3D reconstruction is a technique used in computer vision and it has a wide range of applications in areas like object recognition, city modelling, virtual reality, physical simulations, video games and special effects. Previously, to perform a 3D reconstruction, specialized hardware was required. Such system was often very expensive and was only available for industrial or research purpose. Nowadays, with the rise of high-quality 3D scanners available at low price, it is possible to design complete 3D scanning systems at very low cost. The objective of this work is to design a homemade acquisition and processing system to perform 3D scanning and reconstruction of objects. The goal of this work also includes making the 3D scanning process fully automated by building and integrating a turntable alongside the software. İn addition, the user is able to perform a full 3D scan by the press of a few buttons on our dedicated Graphical User Interface (GUI) which has been designed for this purpose.
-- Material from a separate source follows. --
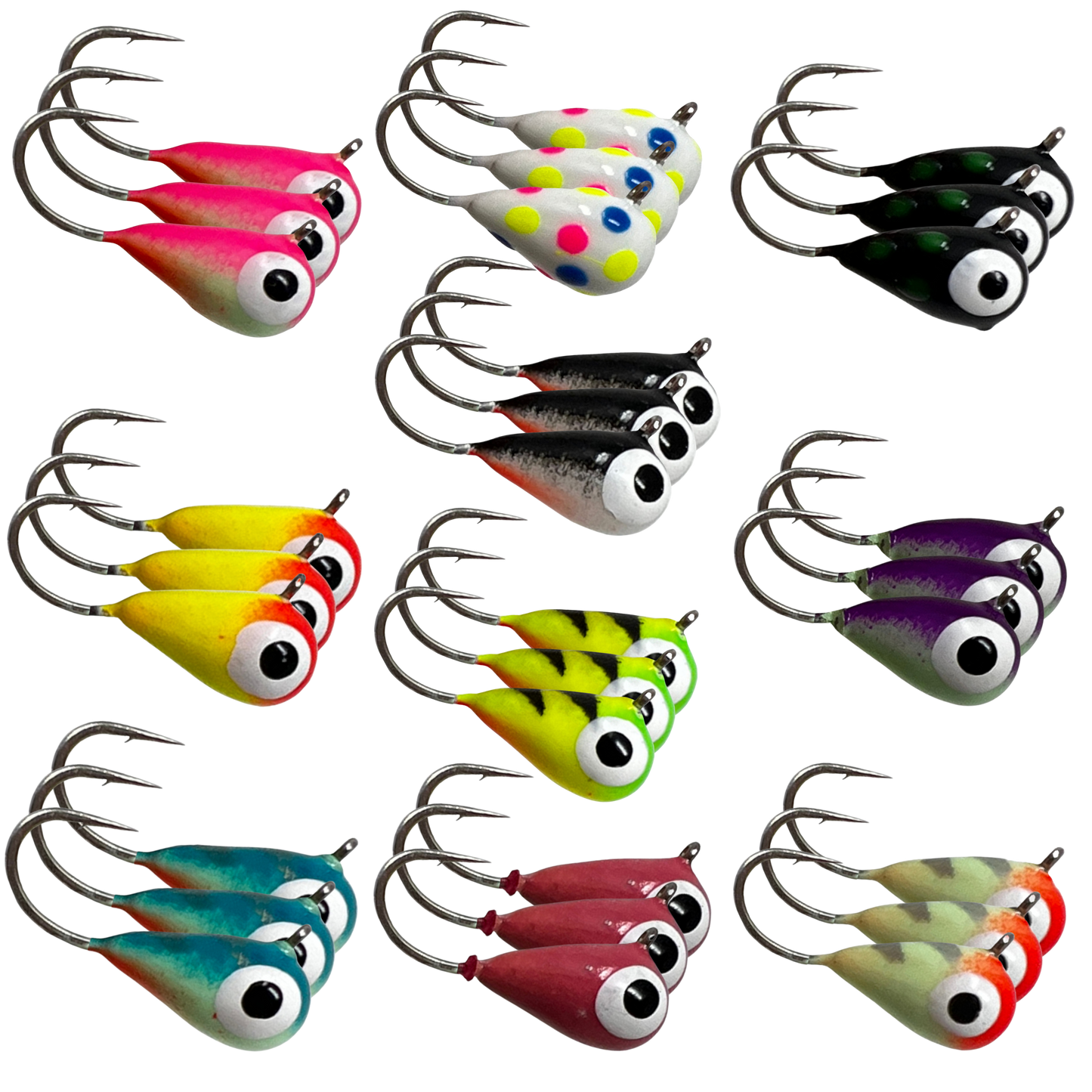 Reaction Tackle Ice Fishing Jigs-NEW sizes available!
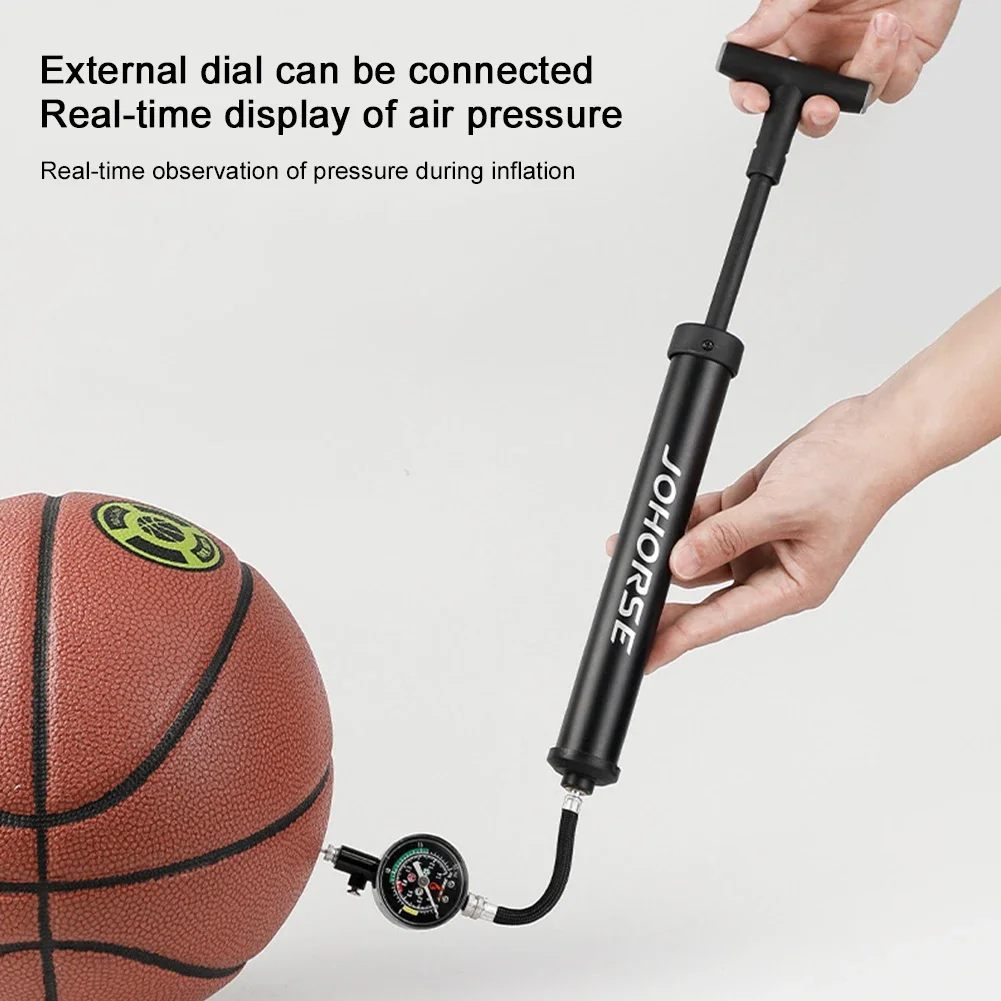 Ball Hand Pump Portable Basketball Air Pump Compact Football Inflator Multifunction for Basketball Football Volleyball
Hence, the product of our work will be an acquisition and a processing software capable of controlling the turning table, acquire point cloud frames, register them and reconstruct the 3D mesh which can be exported afterwards to a 3D printer. To achieve this goal, three main steps were required. First, our system acquires point cloud data of a person/object using inexpensive camera sensor. Second, align and convert the acquired point cloud data into a watertight mesh of good quality. Third, export the reconstructed model to a 3D printer to obtain a proper 3D print of the model.

Keywords

3D Body Scanning, 3D Printing, 3D Reconstruction, Iterative Closest Process, Automated Scanning System, Kinect v2.0 Sensor, RGB-D Camera, Point Cloud Library (PCL).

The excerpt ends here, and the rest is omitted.